You are viewing a plain text version of this content. The canonical link for it is here.
Posted to commits@airflow.apache.org by as...@apache.org on 2020/05/25 15:29:36 UTC

[airflow] branch v1-10-test updated: Fix timing-based flakey test in TestLocalTaskJob (#8405)

This is an automated email from the ASF dual-hosted git repository.

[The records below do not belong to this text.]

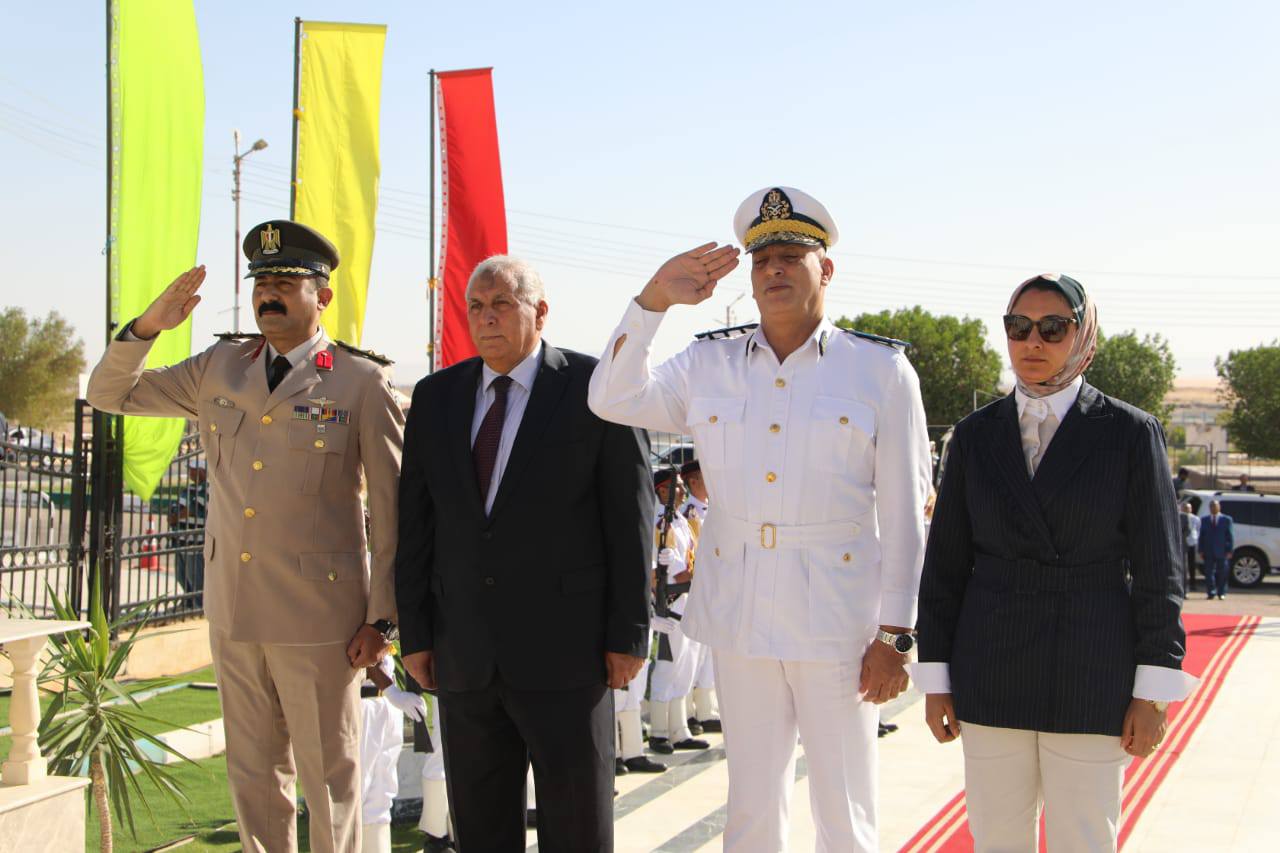 محافظ الوادي الجديد يضع اكاليل الزهور على النصب التذكاري للشهداء (4)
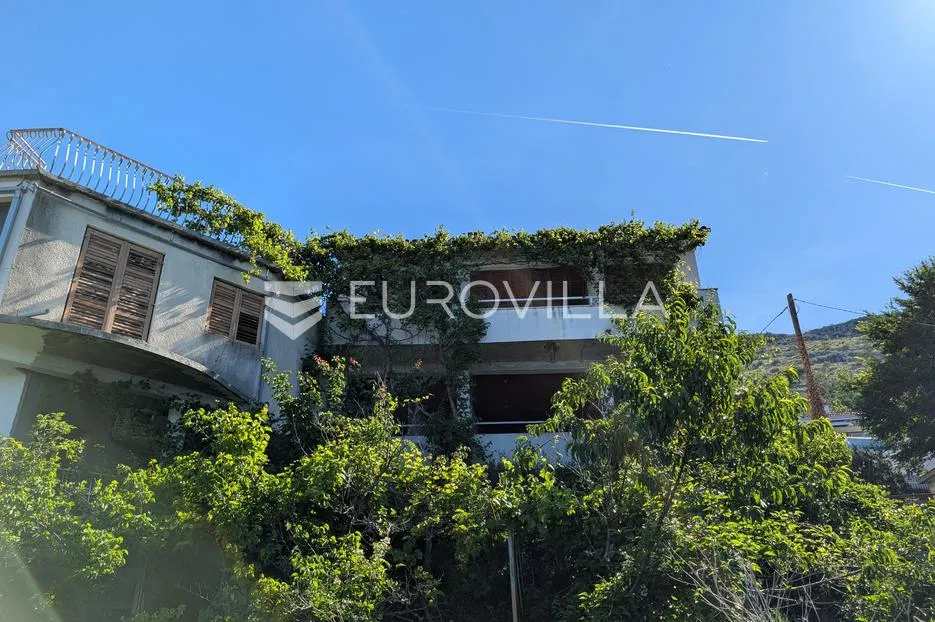 Gornja Podstrana, legalizirana kuća u bloku ukupne bruto površine 331 m² - Podstrana - Miljevac, Podstrana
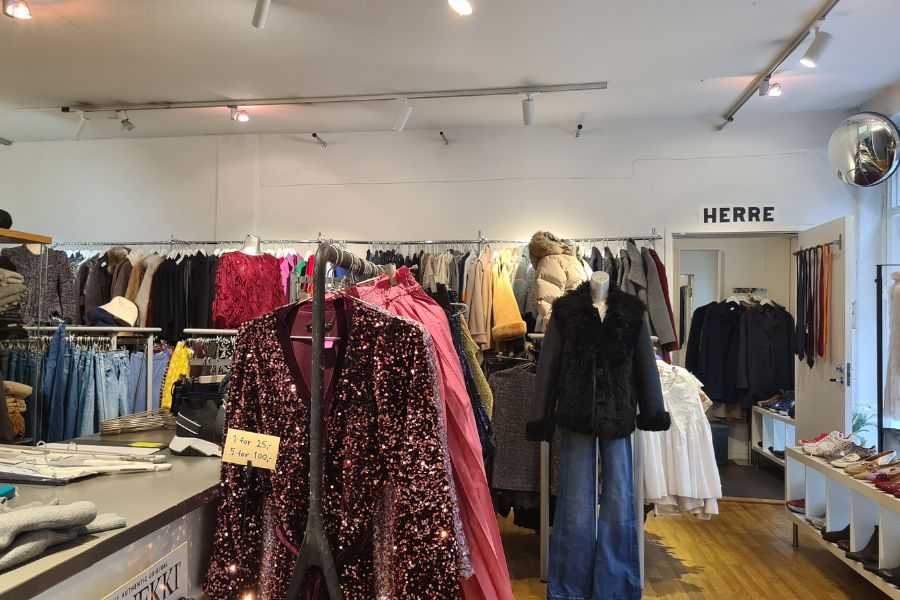 disken og dameavdelingen hos usato second hand på røa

ash pushed a commit to branch v1-10-test
in repository https://gitbox.apache.org/repos/asf/airflow.git


The following commit(s) were added to refs/heads/v1-10-test by this push:
     new a09d5ec  Fix timing-based flakey test in TestLocalTaskJob (#8405)
a09d5ec is described below

commit a09d5ec68afb550acaf56293a13c3c46e3347132
Author: Ash Berlin-Taylor <as...@firemirror.com>
AuthorDate: Thu Apr 16 16:11:47 2020 +0100

    Fix timing-based flakey test in TestLocalTaskJob (#8405)
    
    This test suffered from timing-based failures, if the "main" process
    took even fractionally too long then the task process would have already
    cleaned up it's subprocess, so the expected callback in the main/test
    process would never be run.
    
    This changes is so that the callback _will always be called_ in the test
    process if it is called at all.
    
    (cherry picked from commit d06d3165ff7df8ceeb52f8f18154f5f27d83355b)
---
 tests/jobs/test_local_task_job.py | 57 ++++++++++++++++++++-------------------
 1 file changed, 30 insertions(+), 27 deletions(-)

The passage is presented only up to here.